Food producer RCL Foods has called on the government to swiftly implement an effective tariff on sugar imports, warning that cheap and dumped imports are threatening the stability of the local industry.
Speaking to Business Day after the release of the group’s interim results on Monday, CEO Paul Cruickshank said faster action is needed to give the sector certainty and allow it to plan for recovery.
Cruickshank said the R24bn sugar industry is under severe pressure from excess global production and cheap imports, which have started eating into the company’s profit and that of many of its rivals in the industry. He said effective tariff protection is essential to stop these imports, restore market stability and protect profitability.

RCL suffered a steep decline in earnings at the halfway stage of the financial year, forcing it to cut shareholder payouts by a quarter.
It reported HEPS for continuing operations for the six months to end-December fell more than 30% to 75.9c. Revenue declined 1.9% to R13.3bn, while underlying earnings before interest, tax, depreciation and amortisation (ebitda) from continuing operations fell more than 14%.
According to RCL, the sugar situation threatens the sustainability of the local industry, with inadequate tariff protection allowing imports to displace domestic production. The tariff formula is under review by the International Trade Administration Commission of South Africa.
Tongaat Hulett
The sugar crisis has been worsened by the financial turmoil of major producer Tongaat Hulett and the effects of the sugar tax. Tongaat recently filed for provisional liquidation after a failed 37-month business rescue process and the collapse of a takeover by the Vision Group. The company is facing an R11.7bn debt crisis.
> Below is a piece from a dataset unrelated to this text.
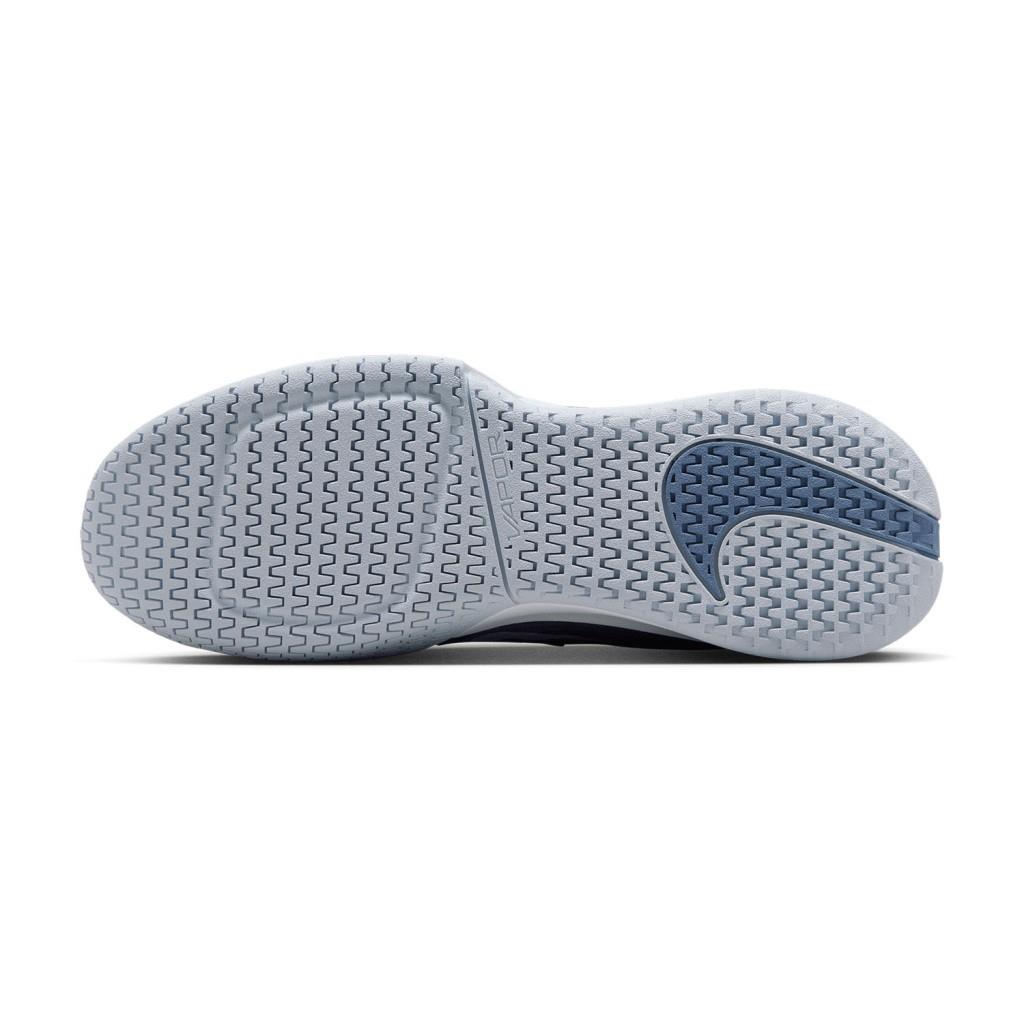 Nike FZ2158-401 Vapor Pro 3 Sert Kort Kadın Tenis Ayakkabısı - Lila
Any disruptions in milling operations have the potential to upset the rural economy and further reduce profit for affected businesses.
The South African Federation of Trade Unions reports that between 35,000 and 40,000 workers’ livelihoods are in jeopardy, while nearly 15,500 cane growers face adverse effects.
The government recently acknowledged the crisis, emphasising the importance of preventing sugar mill collapses and protecting rural jobs and livelihoods.
Agriculture minister John Steenhuisen said the department is working with industry stakeholders to find practical solutions, particularly in light of Tongaat Hulett’s potential liquidation.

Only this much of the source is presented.